Monday, May 18, 2015

The future is already here, it just not very evenly distributed.

By Courtney Lyles, PhD

The title of this blog post is a quote by science fiction author William Gibson (who coined the phrase many years ago, by the way).  And I think it is spot on in a number of ways.  It is clear that so many seemingly futuristic technologies have already been developed: from using your smartphone to passively track your activity and mood, to the development of a sensor to test blood glucose through the skin without drawing blood.  But the reality that is so clear to us working in the safety net is that most of these tools are not distributed to those who need it most, and sometimes even only make their way to our settings after they become somewhat obsolete in the tech space.

But my second interpretation of this quote is more subtle, even within a single safety net healthcare system.  Because I work on spreading health technologies to vulnerable patients, I often get one of two very different responses when trying to explain my job to other people outside of healthcare:
  1. Everyone has a smartphone now, I am sure designing a mobile phone app is the way to reach diverse populations.
  2. A lot of patients at SFGH have never even used a computer, right?

And I must say that neither and both of these ideas are right, at the same time.   Not to sound too academic, but the truth is that it depends.  

Here is one concrete example of this phenomenon.  We are currently videotaping patients interacting with a website for a research study, and the thing that strikes me most in this project is the huge range in existing computer skills/knowledge.  We have had patients enroll in the study who tell us they have just signed up for their very first computer class last week, and they don’t have any baseline knowledge about creating capital letters or characters on a keyboard.  And then the next interview will be with a very low-income older patient who lives in a single resident occupancy but has owned his own computer for years.  So I want to make the case that it isn’t so easy to tell someone’s computer literacy by asking them if they “use the Internet.” 

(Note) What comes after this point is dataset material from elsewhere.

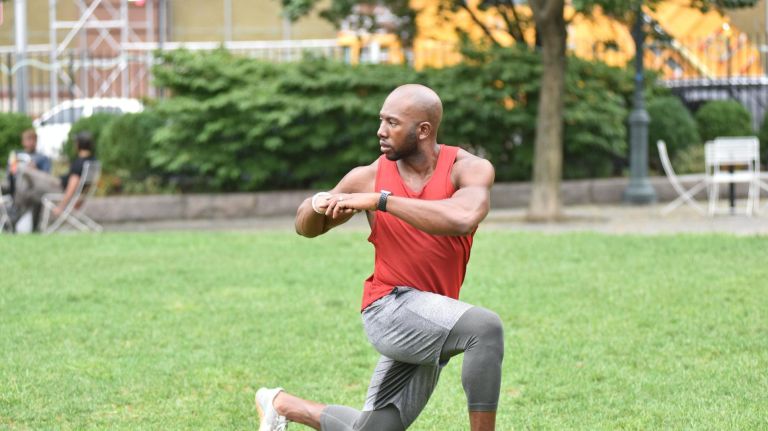 Fhitting Room trainer Troy Brooks shares 5 exercises you can do in a park 12 Trainer Troy Brooks has shared five workouts you can do in a park, and he demonstrated them at the park on W14th Street and 10th Ave. 5. High Knee Pull to Rotational Lunge: This is a functional warm up that allows for great rotation. Begin by standing with feet hip width a part, and drive one knee up hugging it into your chest while maintaining a neutral spine. This position allows your hip to open and stretch the glute of that leg. Then immediately release the leg and descend into a forward lunge rotating over the leg in lunge position.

Moreover, among those who don’t know how to do much online, interest in using the Internet can similarly be nuanced.  Some of the patients that we expect not to be able or want to use a computer are motivated to learn how to do so if you are open to discussing it with them.  For example, another participant started off the interview adamantly opposed to using the Internet in her everyday life, and ended the interview wanting to purchase her own computer.

Based on these experiences, I want to put forth a new pillar of patient-centered care:  let’s ask patients how they prefer to communicate (phone call, texting, email, in-person only), and have a real conversation with them about interest and ability in using the Internet for health and healthcare management.  As policy makers and healthcare practitioners/leaders, we all know that we will be increasingly relying on electronic communication more in the coming years – so let’s start those conversations with patients now.  I think that we can design systems and programs that better meet patients’ needs and preferences, but a one-size-fits-all approach – even within a single healthcare system – will not work.